Inclusion: Inclusion in decision-making is crucial in basic motivation as it dignifies an employee. Obviously, there are different levels of inclusion and it is a manager’s job to identify the acceptable level of inclusion of an employee.
Take a high school as an example. The janitor will not be included in any academic and financial planning, but he could be included in the determination of the cleaning routine schedule and the procurement of cleaning supplies. A new history teaching fellow will not be included in curriculum planning, but should have input in the day-to-day lessons plans for the classes he helps with. When he becomes a full-time, history teacher, he is then included in broader history curriculum planning; many years later, as the head of the History Department, he is included in discipline-wide curriculum planning.
Obviously, it is much easier to determine someone’s inclusion when higher up the ladder, but it is crucial for a manager to identify areas of inclusion for new or less skilled employees.
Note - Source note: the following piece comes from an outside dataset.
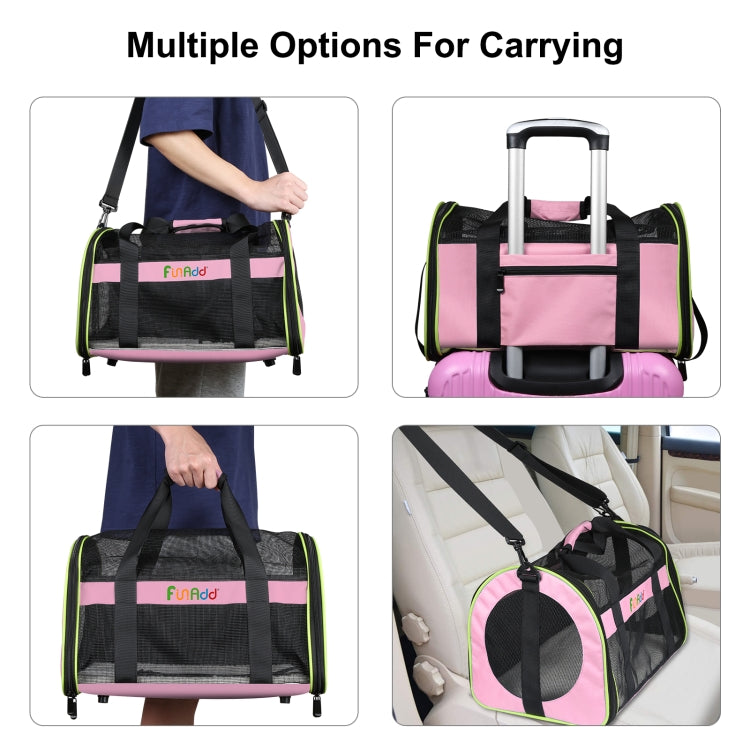 Load image into Gallery viewer, FUNADD Pet Travel Carrier Bag Shoulder Foldable Tote Bag, Carrier Bag - Polar Tech Australia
Proper inclusion does not only improve efficiency – an employee can provide specific knowledge regarding his tasks – but, more importantly, allows the employee to feel pride and inclusion in the larger aims of the organization or firm.
Praise: Praise, on the other hand, constitutes the harder aspect of employee motivation; you can’t delegate praise like we just did with decision-making. Instead, praise is a behavior that a manager must deftly employ without coming across too structured. Furthermore, praise must be on an individualistic level. For instance, a monthly lunch to praise and thank 50 employees is a nice perk, but does not actually praise any of the individuals. While managers will most often receive the credit for a finished product or idea, the manager has a responsible to individually praise the employees that helped in this creation. Not acknowledging an employee’s role in a process will discourage initiative. Why would an employee bother thinking out of the box if he doesn’t get any credit from his immediate superior?
Related: Building a Productive Work Team
Bottling up effective employee motivation into two steps oversimplifies the complexity of employee motivation. Let this post, then, serve as a start and as a reminder that employee motivation is of the utmost important and must be consciously and adeptly planned for.